Definability and Interpolation: Model-theoretic investigations
Eva Hoogland
Abstract:
In this thesis we study definability and interpolation. These are
properties of logics such as compactness or decidability that have
been established as yardsticks by which to measure the behavior of
logics. What do they look like? In a slogan, the _Beth
(definability) property_ states that implicit definability equals
explicit definability. These notions will be explained in full
detail in the thesis. The gist is that implicit definability is a
semantic concept whereas explicit definability is a syntactic
phenomenon. To say that the two forms of definability coincide (as
the Beth property does) may therefore be regarded as an indication
that there is a good balance between syntax and semantics of a logic.
Proving that a given logic S has the Beth property usually proceeds
by way of proving the _interpolation property_ for S. This
property requires that any validity \phi -> \psi has an _interpolant_.

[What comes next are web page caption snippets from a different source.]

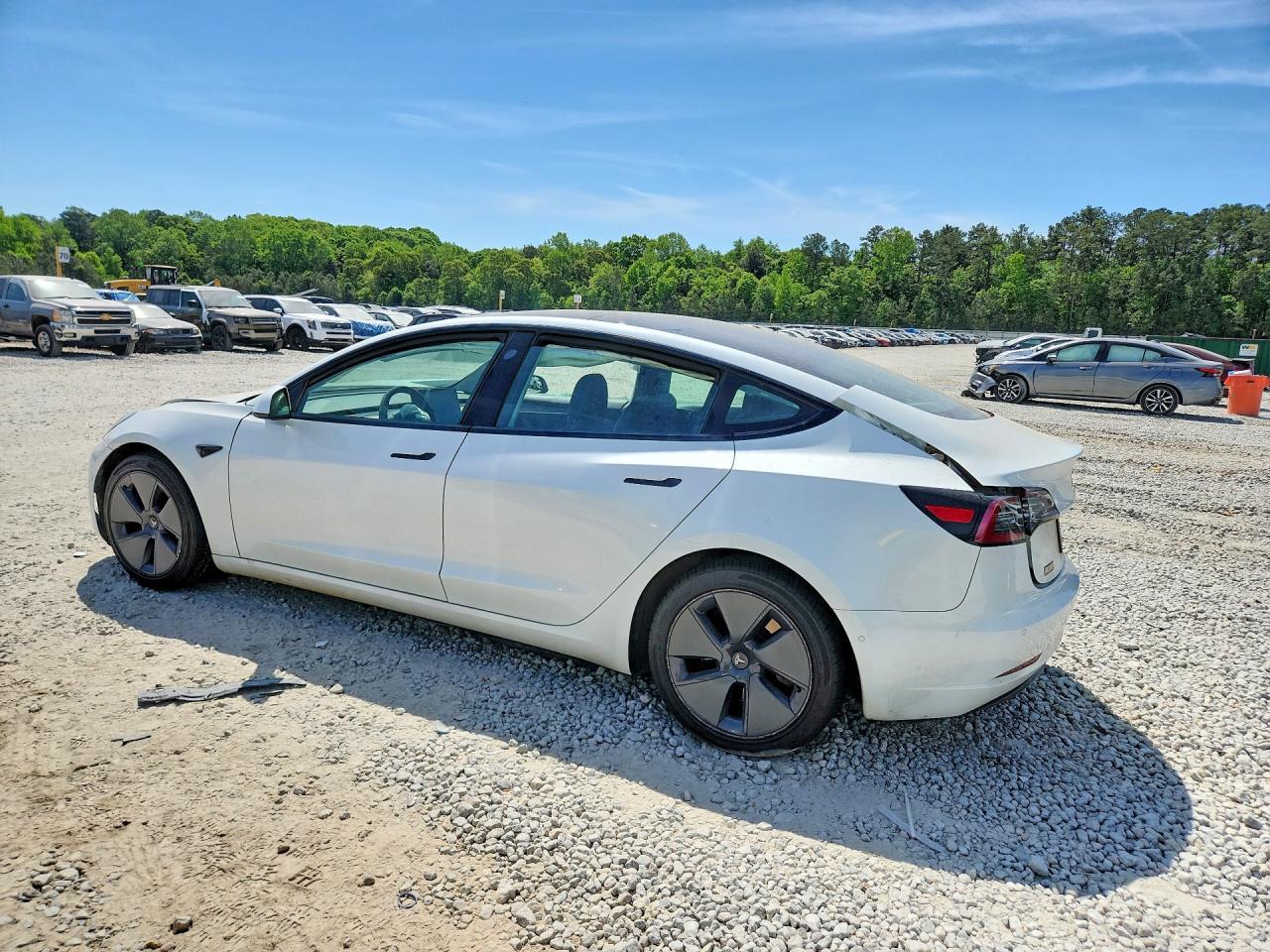 2022 Tesla Model 3 - Image 2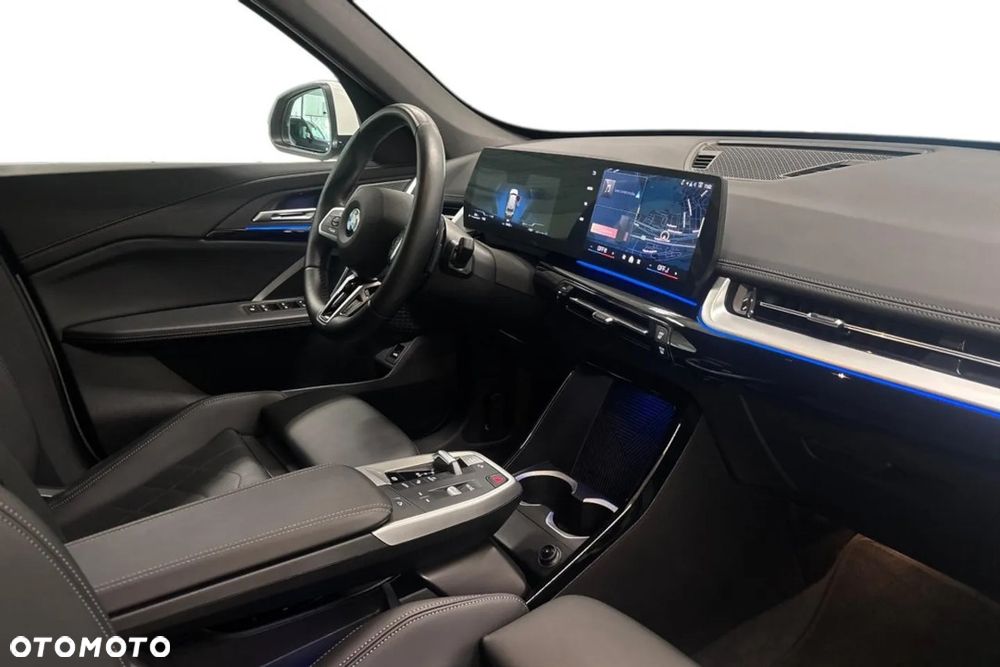 BMW X1 sDrive18i sport - 12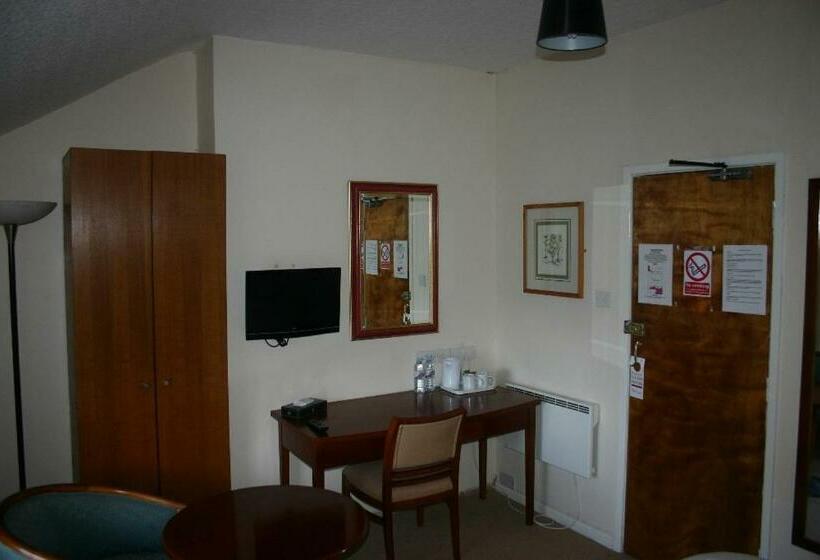 غرفة قياسية فردية, The Vaults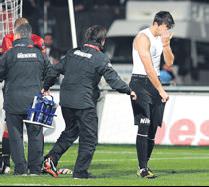 Muslera'ya 8 dikiş!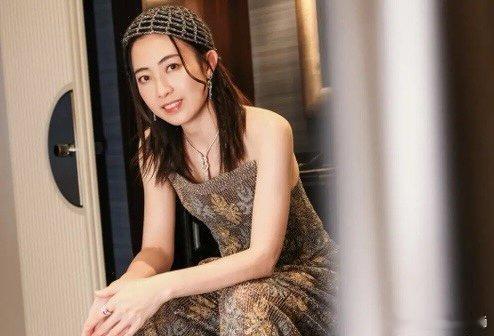 甘比晒活动照：与郑裕玲阿云嘎合照，和陈妍希坐一起合影很开心！ ​​​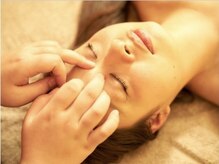 バリ風 アロマフラワーサロン/小顔コルギ【新横浜】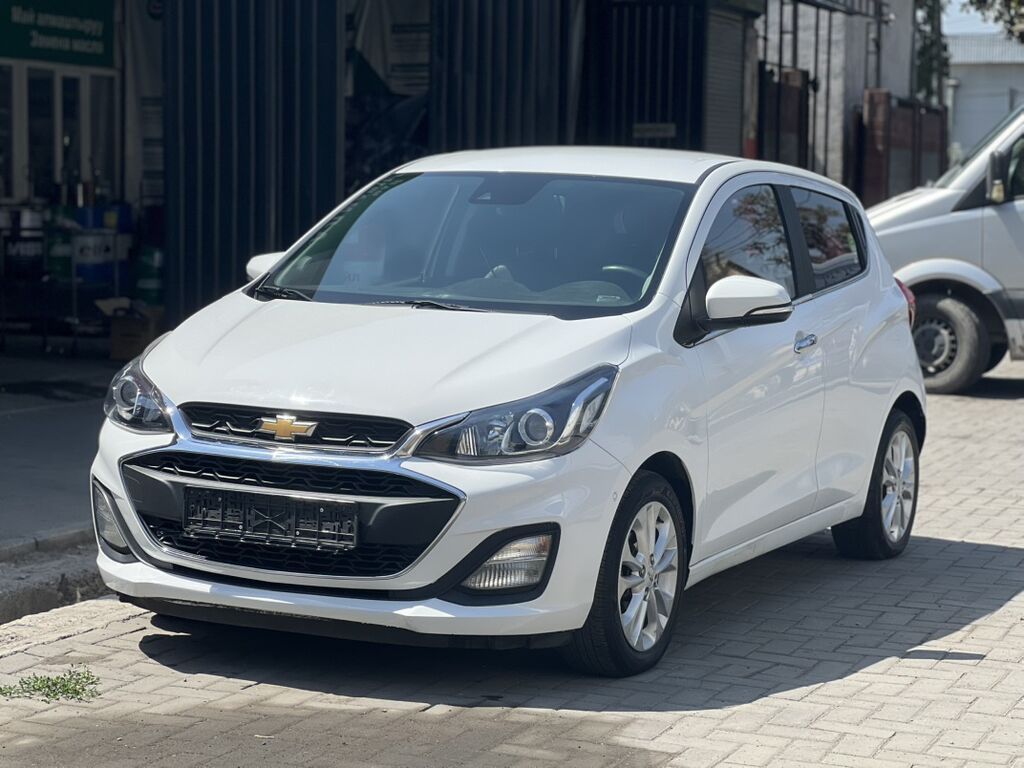 Chevrolet Spark: 2019 г., 1 л, Автомат, Бензин, Хэтчбэк: фото 2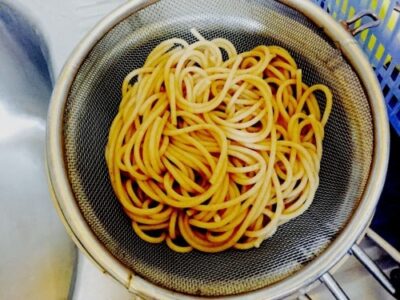 20-Minute Whole Wheat Pesto Pasta with Sautéed Bell Peppers - Plattershare - Recipes, food stories and food lovers 20-Minute Whole Wheat Pesto Pasta with Sautéed Bell Peppers - Plattershare - Recipes, food stories and food lovers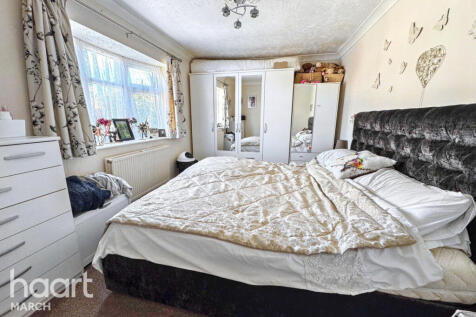 Meadowlands, March 2 bed detached bungalow for sale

That is, there exists a formula \theta in the common language of
\phi, \psi, such that \phi -> \theta and \theta -> \psi are again
validities. Apart from its connection with definability, interpolation
is also an interesting notion in itself which points to a well-behaved
deductive system.
The objectives of this dissertation are fourfold. We successively
* Provide ``everything you always wanted to know about definability
and interpolation but were afraid to ask.''
* Relate definability to the algebraic property of surjectiveness
of epimorphisms.
* Offer tools for proving and disproving definability theorems and
interpolation theorems.
* Present plenty of examples that show that the interpolation
property is much stronger than the definability property. To this
end, we do two detailed case studies, viz., of guarded fragments of
first order logic and of interpretability logics.
Chapter 2:
The aim of this introductory chapter is to make the reader familiar
with the main themes of this dissertation: definability and
interpolation. The chapter is written in a rather informal manner with
an emphasis on giving simple examples. We discuss the precise
relationship between the relevant properties, summarize the state of
the art, and provide ample references to the literature. This chapter
also takes a look at the matter from an algebraic perspective.
Chapter 3:
This chapter is of an abstract algebraic nature in which algebraic
equivalents of several Beth definability properties are given. We
also supply many applications of these characterizations. The chapter
contains an introduction to the abstract algebraic framework(s) we are
working in.
Chapter 4 and Chapter 5:
These chapters can be seen as case studies in which we extend known
methods for proving interpolation and definability. The fourth
chapter concerns interpretability logics (these are non-standard modal
logics), the final chapter deals with guarded fragments of first order
logic.